Geomagic, Rapidform, PolyWorks, and SolidWorks/Scan to 3D, are among the programs with auto-surfacing technology that automatically converts point clouds into NURBS surface models. But NURBS surface models contain only surface patches without the additional semantics and topology inherent in feature-based parametric representation. Therefore, they are not suitable for design changes, feature-based NC tool-path generation, and technical data package preparation. If an application will experience design changes, (and which application does not?), then software must handle parametric solid modeling. Unfortunately, parametric solid modeling may never be fully automated because no one, yet, has discovered how to automatically or interactively extract the original design intent from the data points.
Noted the authors, the ideal scenario is having software tools that automatically take care of labor-intensive tasks—such as managing point cloud and triangulation—and offer capabilities that allow designers to recover design intents interactively.
Once a design has been parameterized, the next steps are to undergo shape engineering and parametric solid modeling. Shape engineering involves four main phases:
(1) triangulation that converts data points to polygon mesh,
(2) mesh segmentation that separates polygon mesh into regions based on the characteristics of the surface geometry they respectively represent,
(3) solid modeling that converts segmented regions into parametric solid models,
(4) model translation that exports solid models constructed to mainstream CAD systems.
Ideally, the entire process is fully automated; except for Phase 3, which requires designer’s interaction mainly to recover original design intents.
Mesh segmentation is one of the most important steps. It groups the original data points or mesh into subsets, each of which logically belongs to a single primitive surface.
Solid modeling is probably the least developed in the overall shape engineering process. Boundary representation (B-rep) and feature-based are the two basic representations for solid models. Some proposed methods automatically construct B-rep models from point clouds or triangular mesh. Some focus on manufacturing feature recognition for process planning purpose. One promising development in recent years was the geometric feature recognition (GFR), which automatically recognizes solid features embedded in B-rep models. However, none of the methods fully automates the construction process and generates fully parametric solid models.
One of the most successful algorithms for geometric feature recognition has been proposed by Venkataraman. The algorithm uses a simple four step process: (1) simplify imported faces, (2) analyze faces for specific feature geometry, (3) remove recognized feature and update model, and (4) return to Step 2 until all features are recognized. Once all possible features are recognized, they are mapped to a new solid model of the part, which is parametric with a feature tree that defines the feature regeneration (or model rebuild) sequence.

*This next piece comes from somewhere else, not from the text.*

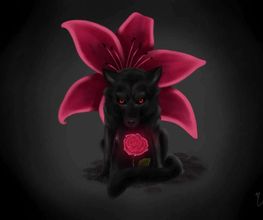KAATZ ARTZ image 13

Venkataraman’s method was recently commercialized by Geometric Software Solutions, Ltd., and implemented in a number of CAD packages, including SolidWorks and CATIA. It recognizes basic features, such as extrude, revolve, and more recently, sweep. This capability primarily supports solid model translations between CAD packages in which not only geometric entities (as has been done by IGES Initial Graphics Exchange Standards) but also parametric features are translated.

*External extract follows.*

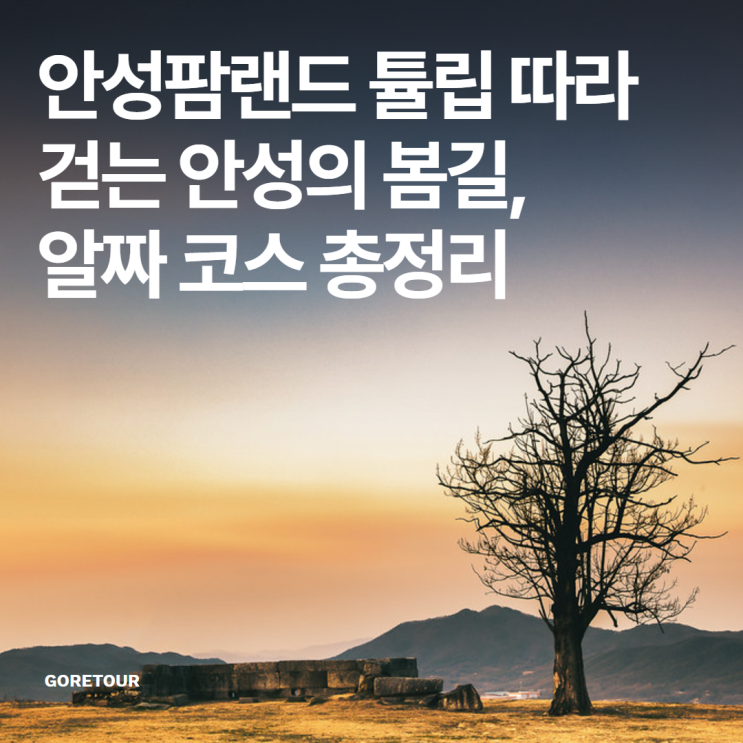  안성팜랜드 튤립 따라 걷는 안성의 봄길, 알짜 코스 총정리
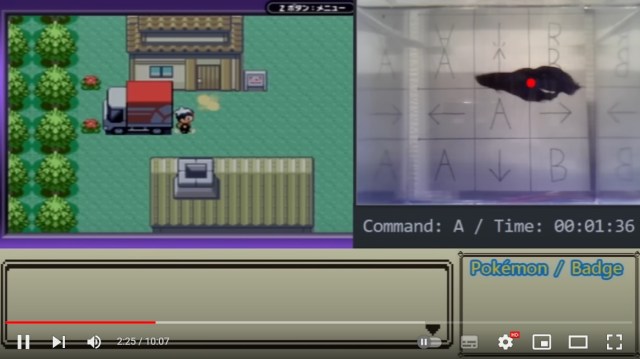 Japanese fish that beat Pokémon Sapphire are retiring from video game streaming【Video】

One of the major issues in commercial GFR software is design intent recovery. Current GFR implementations are not flexible. Without adequate user interaction, the single sketch of a flange of an airline tube may be recognized as four or more separate features. While the final solid parts are physically the same, their defining parameters are not. Such a batch mode implementation may not be desired in recovering meaningful design intents.
A feature-based parametric solid model consists of two key elements: a feature tree, and fully parameterized sketches used for protruding solid features. A fully parameterized sketch implies that the sketch profile is fully constrained and dimensioned, so that a change in dimension value yields a rebuilt as anticipated with design intents. To the authors’ knowledge, there is no such method proposed or offered that fully automates the process. Some capabilities are offered by commercial tools, such as Rapidform, that support designers to interactively create fully parameterized sketches, which accurately conform to the data points and greatly facilitate the solid modeling effort.

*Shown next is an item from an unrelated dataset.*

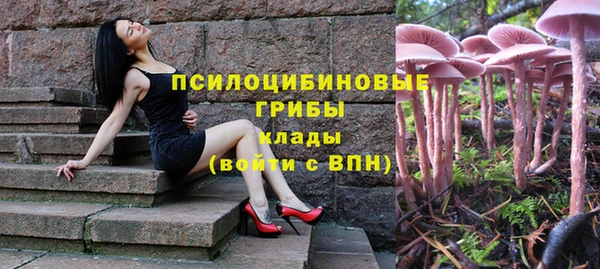 твердый Каменка
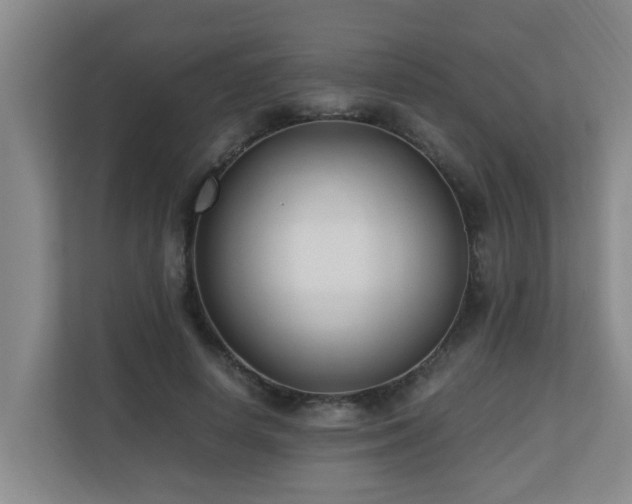 X0000110690642200906121227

Since most of the promising shape-engineering capabilities are not offered in CAD packages, the solid models constructed in reverse engineering software will have to be exported to mainstream CAD packages. The conventional solid model translation through standards, such as IGES or STEP AP, are inadequate since parametric information, including solid features, feature tree, sketch constraints and dimensions, are completely missing in the translation.
Although feature recognition capability offers some relief in recognizing geometric features embedded in B-rep models, it is still an additional step that is often labor intensive. Direct solid model translations have been offered in some software, such as liveTransfer™ module of Rapidform XOR3 and third party software, such as TransMagic.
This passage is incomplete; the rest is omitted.